Because of the state-by-state winner-take-all electoral votes laws (i.e., awarding all of a state’s electoral votes to the candidate who receives the most popular votes in each state) in 48 states, a candidate can win the Presidency without winning the most popular votes nationwide. This has occurred in 4 of the nation's 57 (1 in 14 = 7%) presidential elections. The precariousness of the current state-by-state winner-take-all system of awarding electoral votes is highlighted by the fact that a shift of a few thousand voters in one or two states would have elected the second-place candidate in 4 of the 15 presidential elections since World War II. Near misses are now frequently common. There have been 7 consecutive non-landslide presidential elections (1988, 1992, 1996, 2000, 2004, 2008, and 2012). 537 popular votes won Florida and the White House for Bush in 2000 despite Gore's lead of 537,179 (1,000 times more) popular votes nationwide. A shift of 60,000 voters in Ohio in 2004 would have defeated President Bush despite his nationwide lead of over 3 million votes. In 2012, a shift of 214,733 popular votes in four states would have elected Mitt Romney, despite President Obama’s nationwide lead of 4,966,945 votes.
Presidential elections don’t have to be this way.
The National Popular Vote bill would guarantee the Presidency to the candidate who receives the most popular votes in the country, by replacing state winner-take-all laws.

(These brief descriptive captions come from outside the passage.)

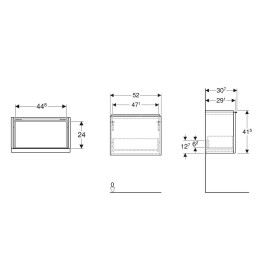 Geberit iCon - Meuble lavabo, 52x42x31 cm, 1 tiroir, blanc brillant 502.302.01.1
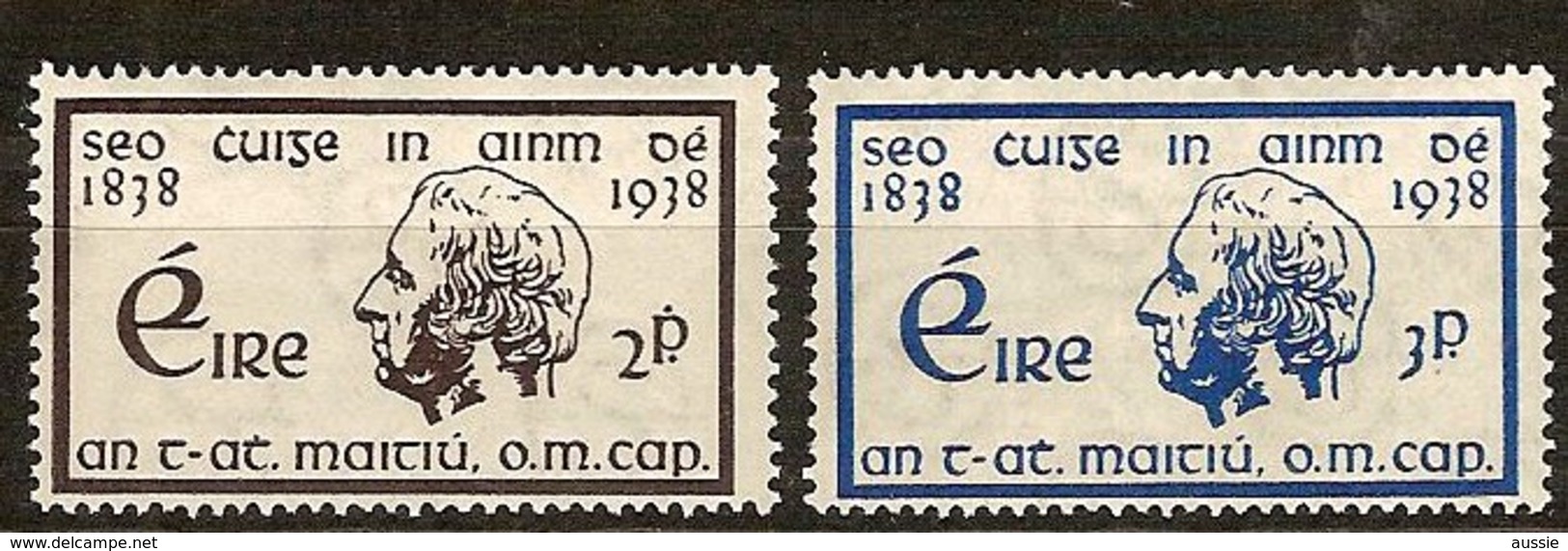 Irlande Ireland 1938 Yvertn° 73-74 (*) MLH Cote 10,50 Euro - Neufs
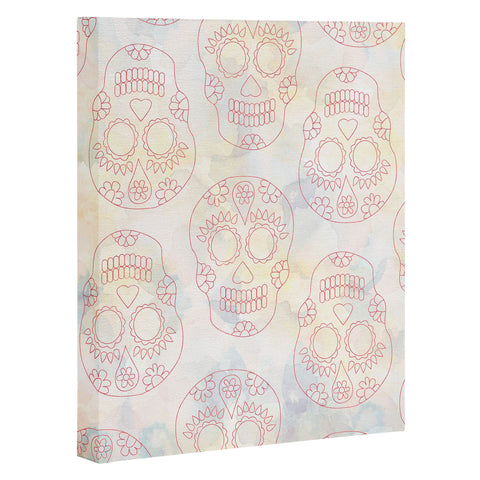 Hello Sayang Nothing Dull About Skulls Art Canvas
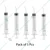 Gentle Hand Feeding Syringe With Curved Tip Ideal For Puppies, Kittens, Birds & More (Pack of 5)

The bill changes the way electoral votes are awarded by states in the Electoral College, instead of the current 48 state-by-state winner-take-all system (not mentioned in the Constitution, but later enacted by states).
Every vote, everywhere, would be politically relevant and equal in every election. Every vote would be included in the state counts and national count.

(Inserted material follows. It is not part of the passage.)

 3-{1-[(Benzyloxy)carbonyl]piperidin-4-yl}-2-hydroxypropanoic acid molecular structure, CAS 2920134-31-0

When states with a combined total of at least 270 electoral votes enact the bill, the candidate with the most popular votes in all 50 states and DC would get the needed majority of 270+ electoral votes from the enacting states. The bill would thus guarantee the Presidency to the candidate who receives the most popular votes.

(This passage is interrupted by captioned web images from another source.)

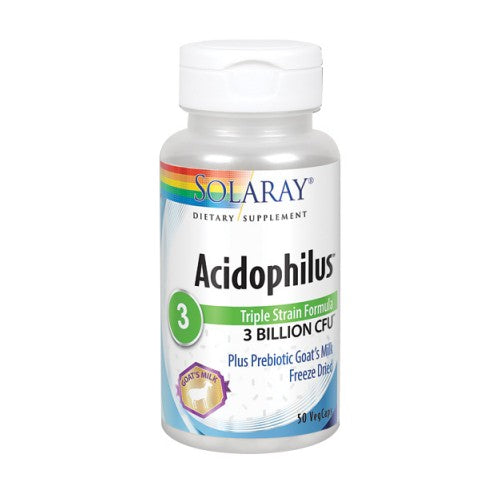 Acidophilus Plus Goat's Milk 50 Caps By Solaray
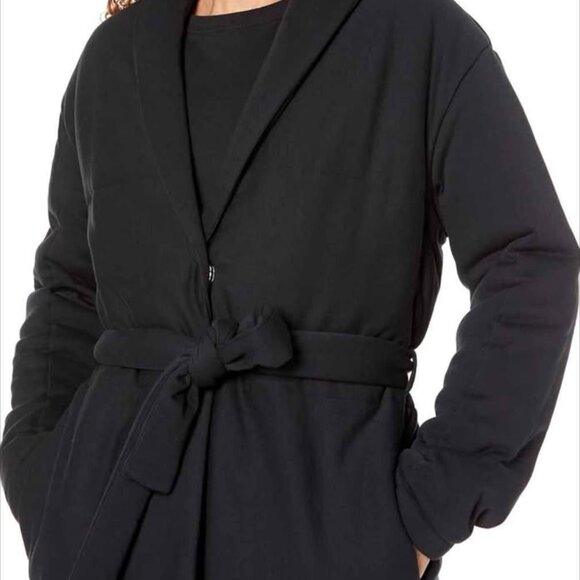 Amazon Essentials Women's Cotton Padded Home Coat Medium Black - Picture 3 of 6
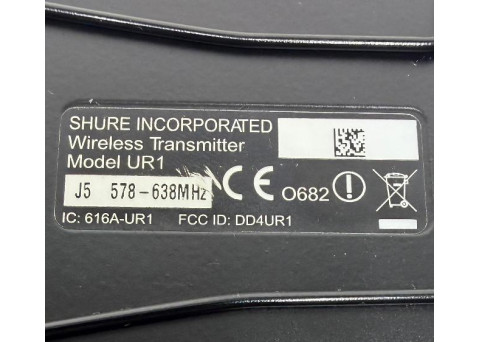 Shure UR1 Bodypack Wireless Transmitter J5 578-638 MHz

The bill uses the power given to each state in the Constitution to change how they award their electoral votes for President. Historically, virtually all of the major changes in the method of electing the President, including ending the requirement that only men who owned substantial property could vote and 48 current state-by-state winner-take-all laws, have been by state legislative action.
In Gallup polls since 1944, only about 20% of the public has supported the current system of awarding all of a state's electoral votes to the presidential candidate who receives the most votes in each separate state (with about 70% opposed and about 10% undecided).
Support for a national popular vote is strong among Republicans, Democrats, and Independent voters, as well as every demographic group in virtually every state surveyed in recent polls
in recent or past closely divided Battleground states: CO – 68%, FL – 78%, IA –75%, MI – 73%, MO – 70%, NH – 69%, NV – 72%, NM– 76%, NC – 74%, OH – 70%, PA – 78%, VA – 74%, and WI – 71%;
in Small states (3 to 5 electoral votes): AK – 70%, DC – 76%, DE – 75%, ID – 77%, ME – 77%, MT – 72%, NE 74%, NH – 69%, NV – 72%, NM – 76%, OK – 81%, RI – 74%, SD – 71%, UT – 70%, VT – 75%, WV – 81%, and WY – 69%;
in Southern and Border states: AR – 80%, KY- 80%, MS – 77%, MO – 70%, NC – 74%, OK – 81%, SC – 71%, TN – 83%, VA – 74%, and WV – 81%; and
in other states polled: AZ – 67%, CA – 70%, CT – 74%, MA – 73%, MN – 75%, NY – 79%, OR – 76%, and WA – 77%.
Americans believe that the candidate who receives the most votes should win.
The bill has passed 33 state legislative chambers in 22 rural, small, medium, and large states with 250 electoral votes. The bill has been enacted by 10 jurisdictions with 136 electoral votes – 50.4% of the 270 necessary to go into effect.